Although, HD is proposed as a predisposing factor in the aetiology of RAS, all of the studies investigating the relationship between these two conditions are designed to determine whether or not HD is present in patients with RAS. However, studies also need to investigate the RAS prevalence in patients with HD in order to see if HD is a predisposing factor or not. Since there are conflicting results in the literature about the role of HD in RAS aetiology, we aimed to assess the relationship between these two conditions from another point of view. Therefore, we decided to investigate RAS prevalence in patients with HD. Based on existing literature on the relationship between these two conditions, we expected RAS incidence to be increased in patients with HD. But contrary to our expectations, RAS ratio was 16.4% in HD patients and 13.5% in control group subjects and this difference was not statistically significant (p > 0.05).

CONCLUSION

Without several studies investigating the relationship between HD and RAS, these results are still not confirmatory; there is no accepted consensus regarding HD screening protocol of RAS patients in the literature.
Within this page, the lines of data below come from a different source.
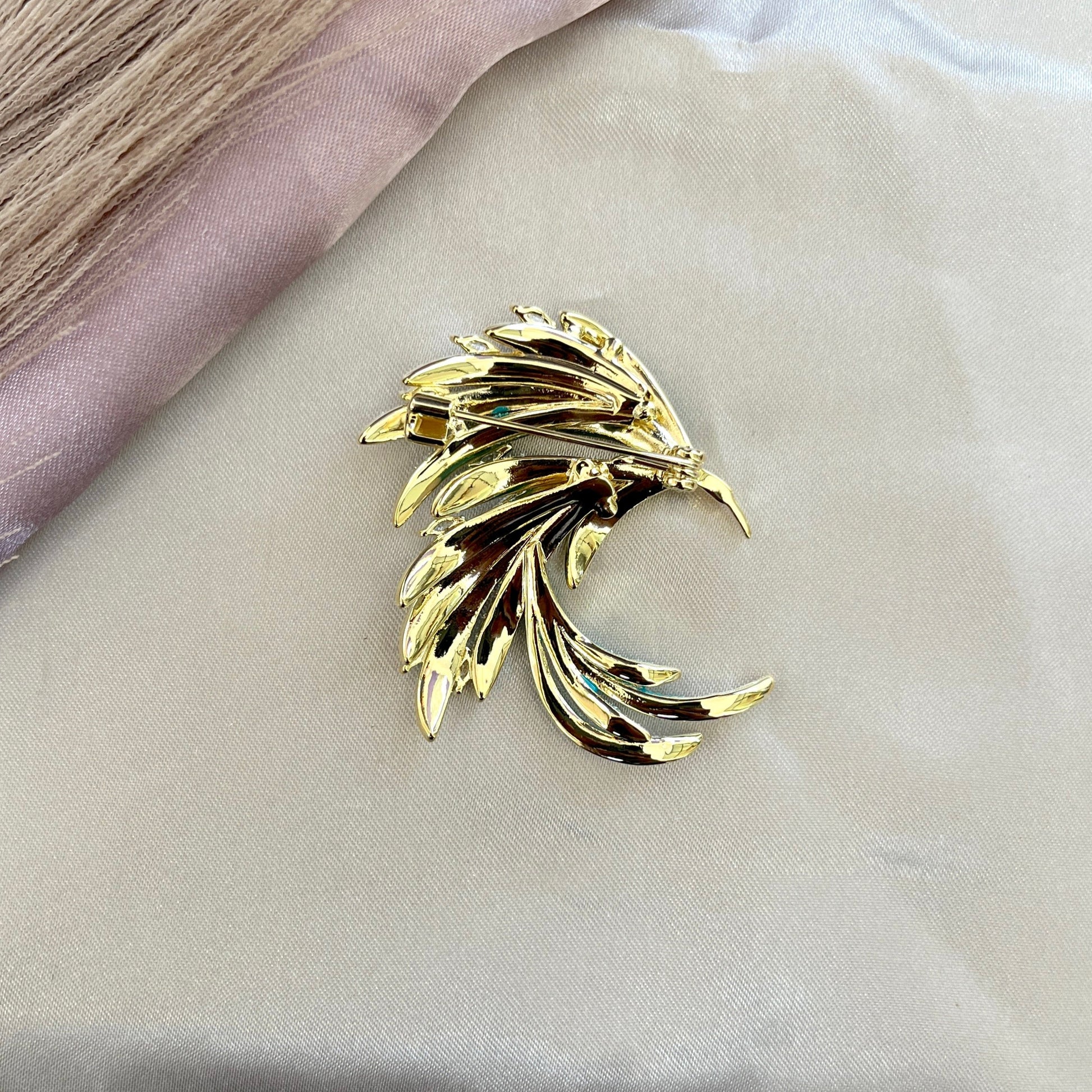 #brooches #brooch #broochaddict #broochlover #broochhandmade #broochoftheday #jewelry #fashion #broochesofinstagram #accessories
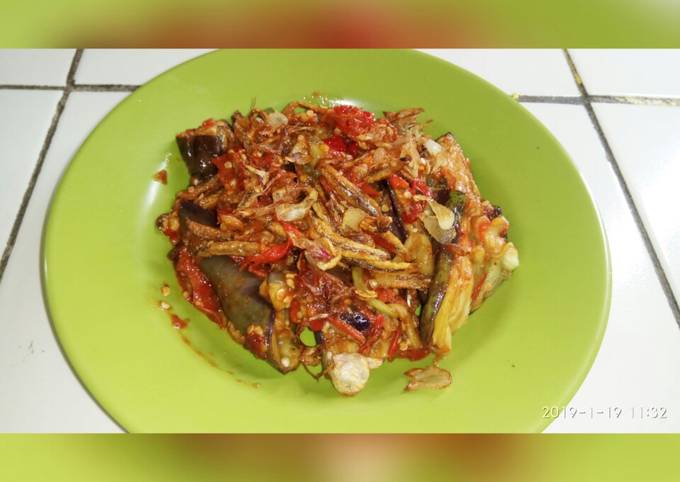Bagaimana cara membuat Sambel terong ungu + teri  spesial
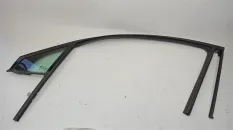 Стекло двери передней левой (форточка) Cadillac XT6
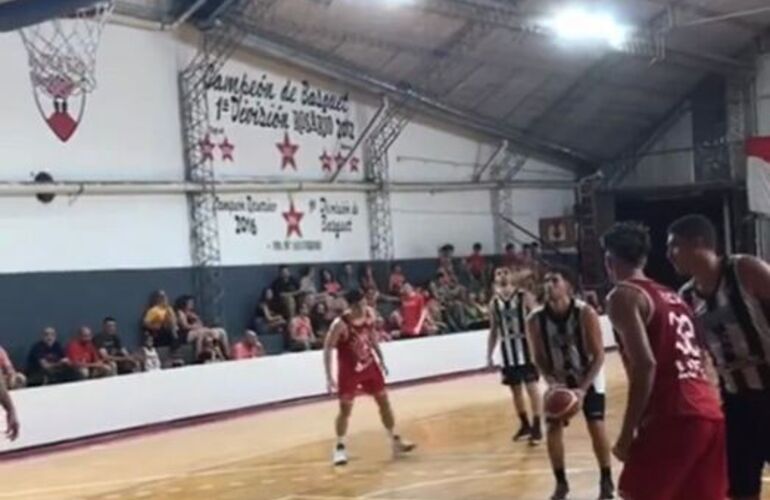 Imagen de Unión cayó 67 a 60 contra Provincial en su debut en Superliga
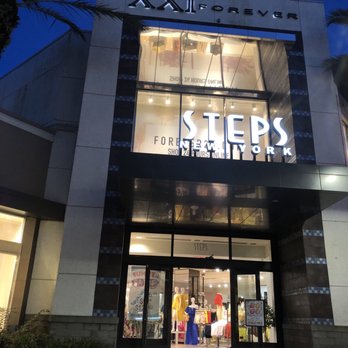 Steps New York - Location Entrance - Women's Clothing Near Me - Orlando, Florida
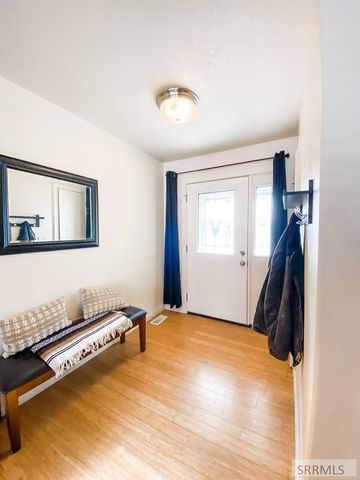 886 Falcon Circle, Blackfoot, ID 83221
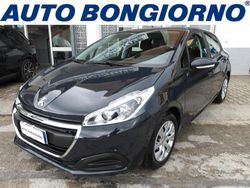 Viola Usata 2019 Peugeot 208 Active Due volumi | 9900 € (Buon prezzo)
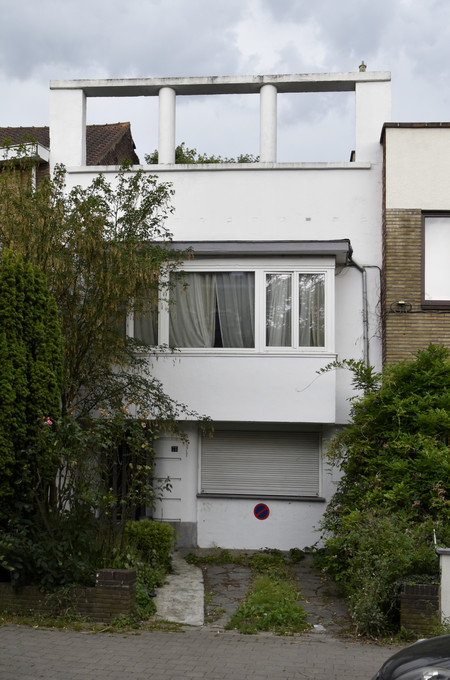 Onze Lieve-Heersbeestjeslaan 73, Watermaal-Bosvoorde, opstand voorgevel  (© APEB, foto 2017)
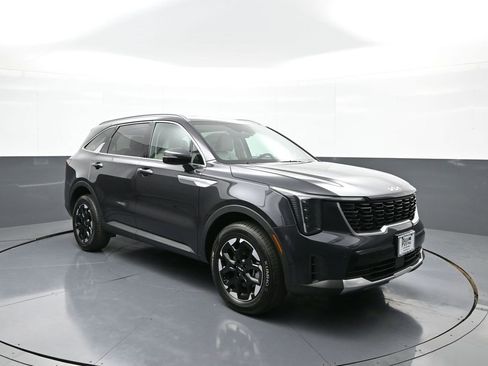 New 2025 Kia Sorento S image 4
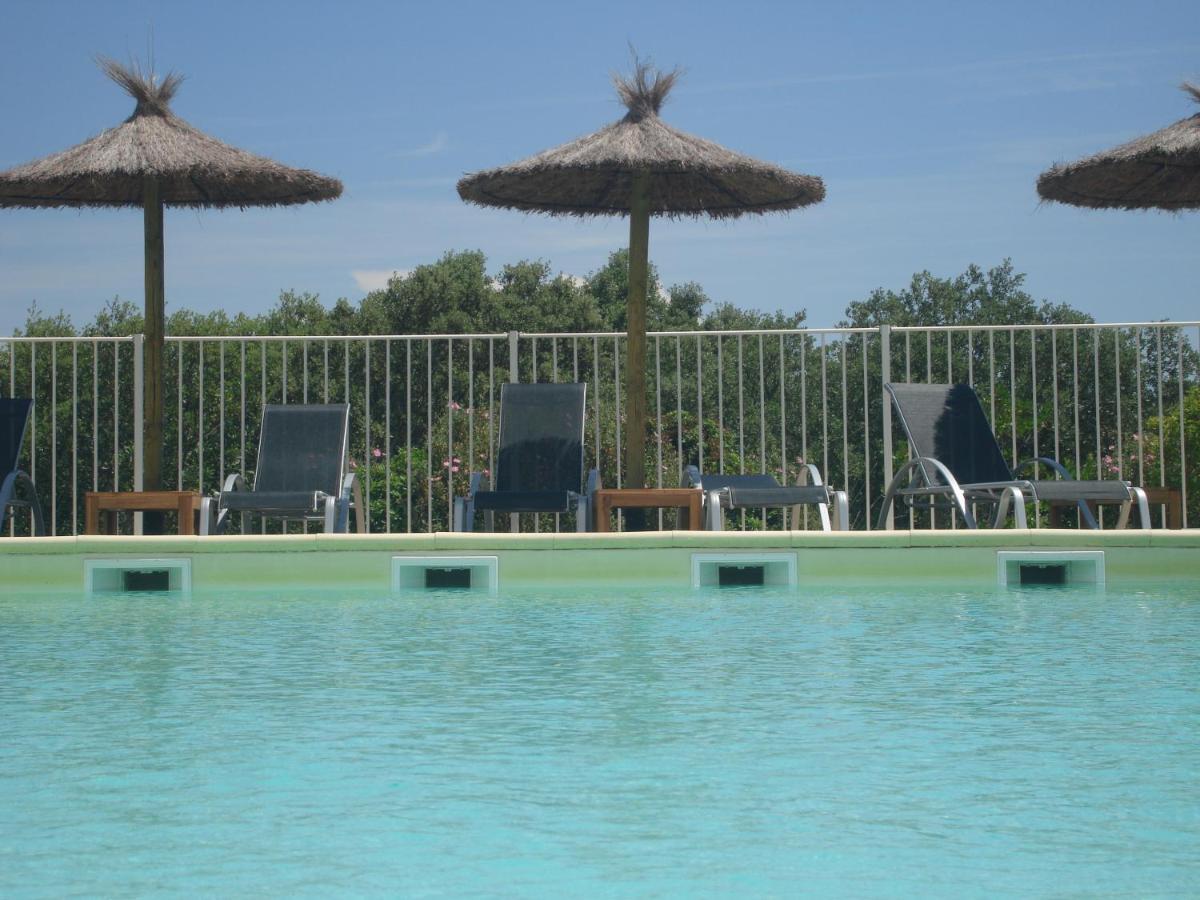 Hotel Restaurant Le Gardon - Pont Du Gard Collias ภายนอก รูปภาพ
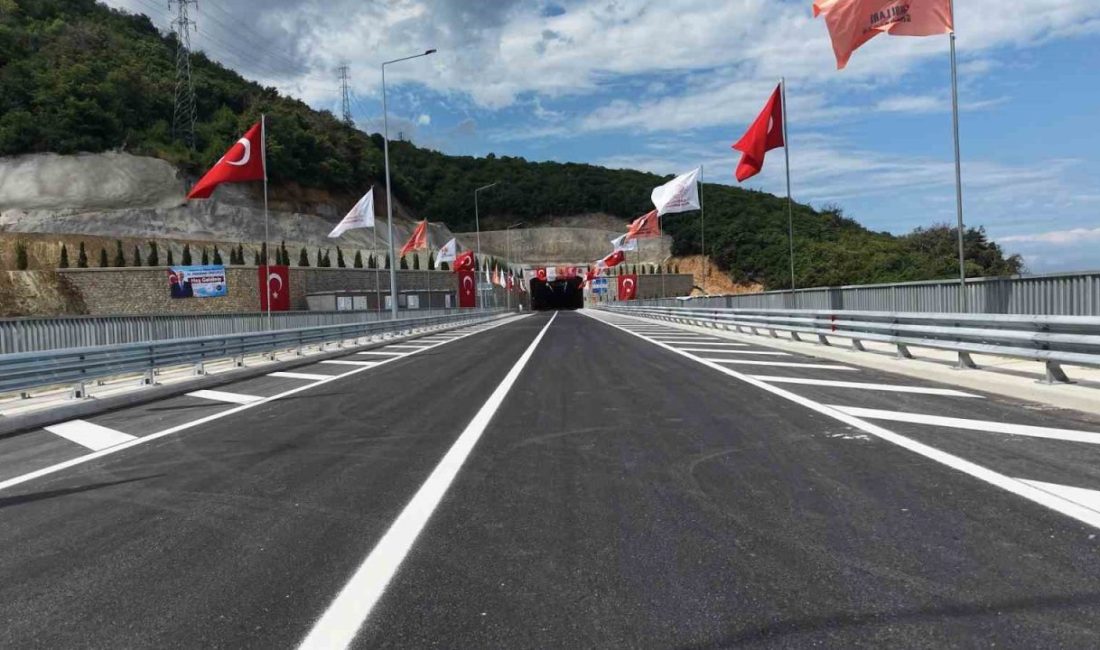Yalova-Armutlu Yolu’nun hizmete girmesi, bölge halkı ve turistlerin yüzünü güldürdü.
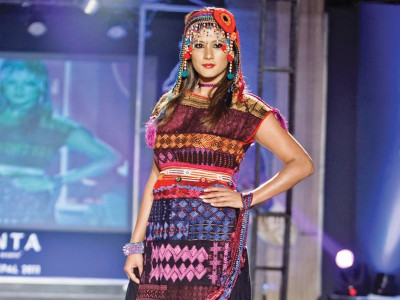 empowering women crafting fashion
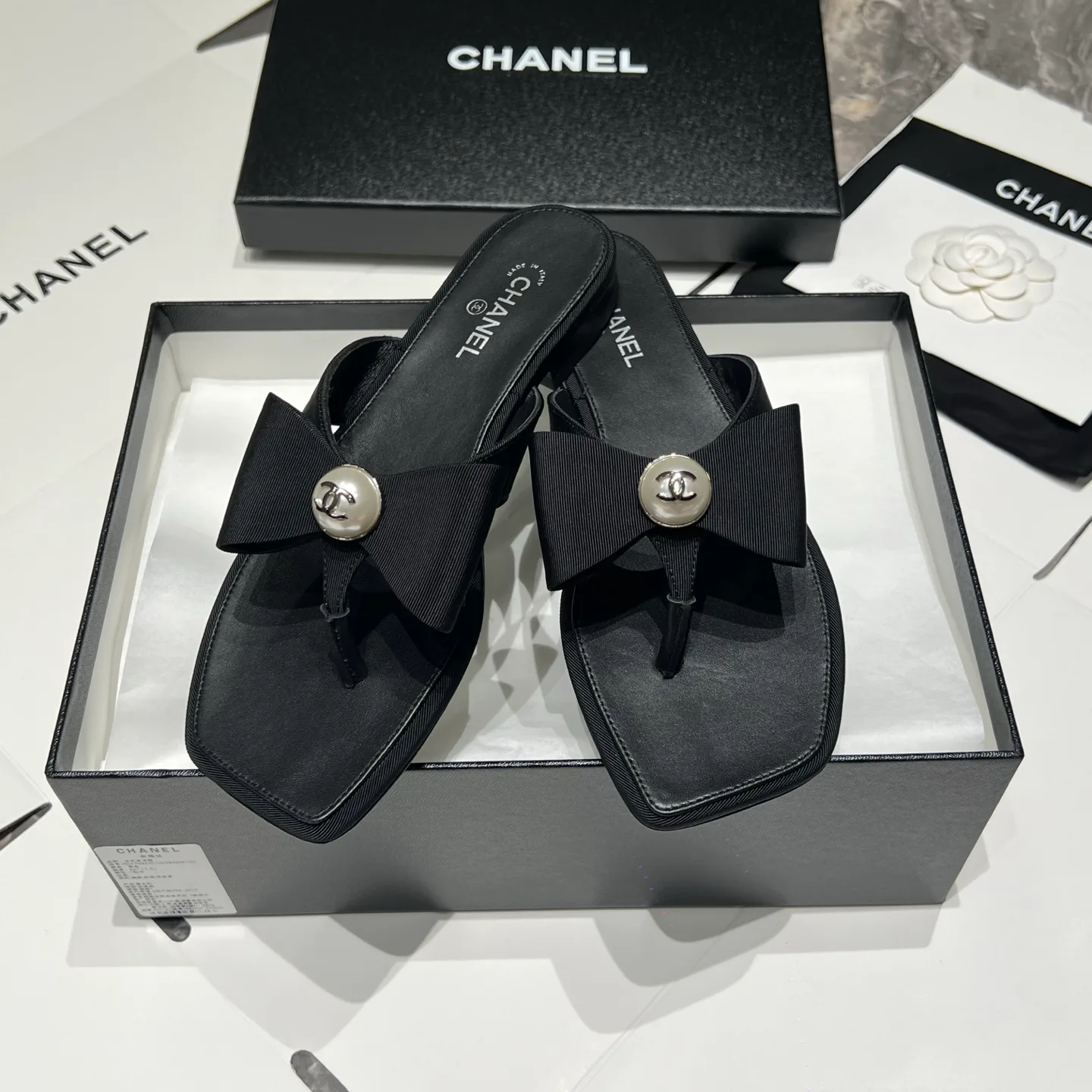 Women's Flip-Flops CHANEL 17693142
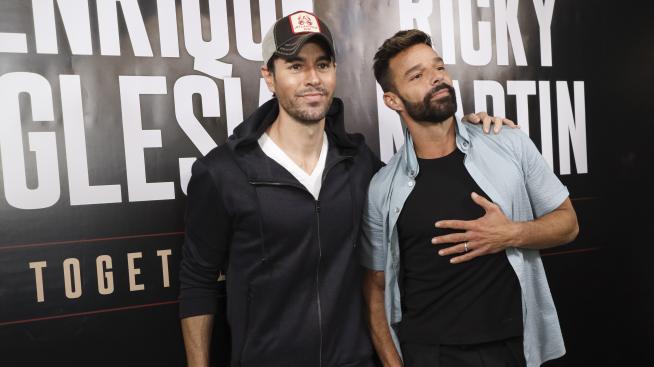 Енрике Иглесиас и Рики Мартин тръгват на турне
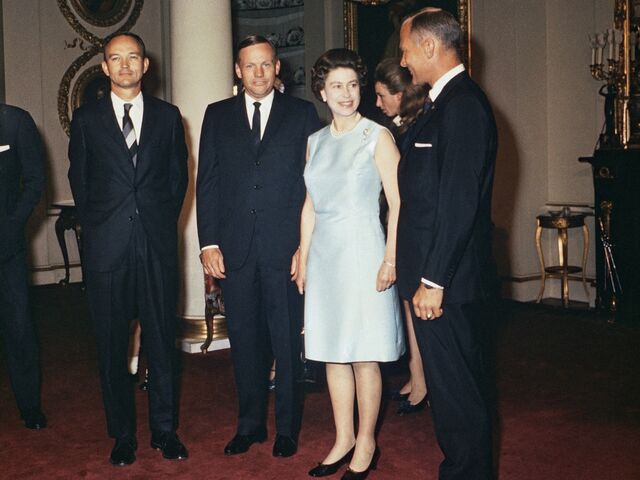 1969: Die Queen trifft die Astronauten Neil Armstrong, Michael Collins und Edwin &#8222;Buzz&#8220; Aldrin.  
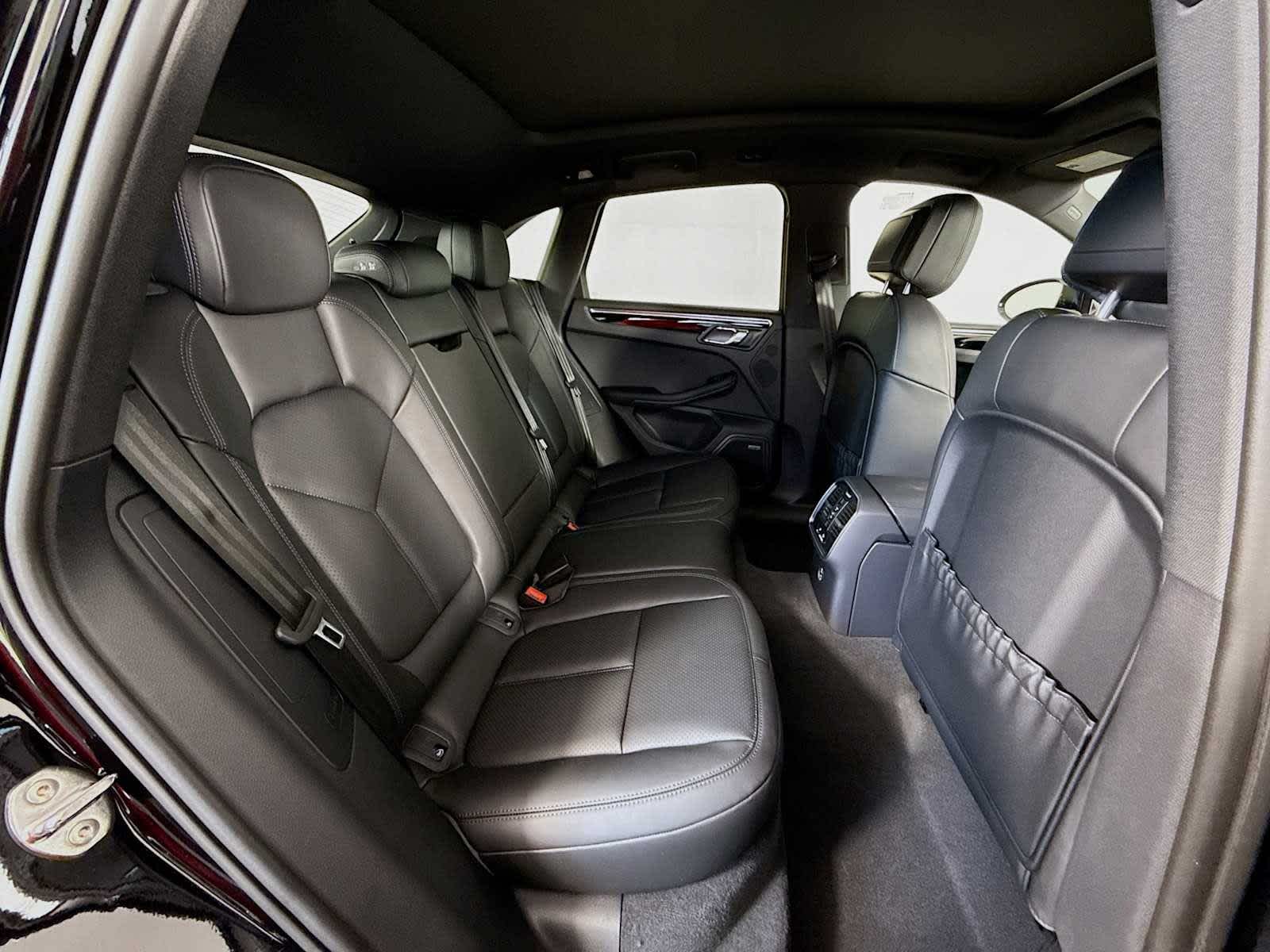 Thumbnail: 2025 Porsche Macan - 20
This study aimed to investigate the relationship between RAS and HD from this point of view. Although, we did not find a statistically significant relationship between RAS and serum iron, ferritin, folic acid deficiencies and anaemia, we found a relationship between vitamin B12 deficiency and RAS history. The major limitation of this study was the non-uniform distribution of the patient population in terms of gender, which is composed of a high number of female patients. However, this limitation was an expected one, since HD is a more common condition in female patients. In conclusion, a definite statement with regard to the relation of RAS and HD could not yet be made yet, leaving the aetiology elusive. Taking account of many study results including this study it seems that HD screening, especially for vitamin B12 might be helpful in the management of RAS.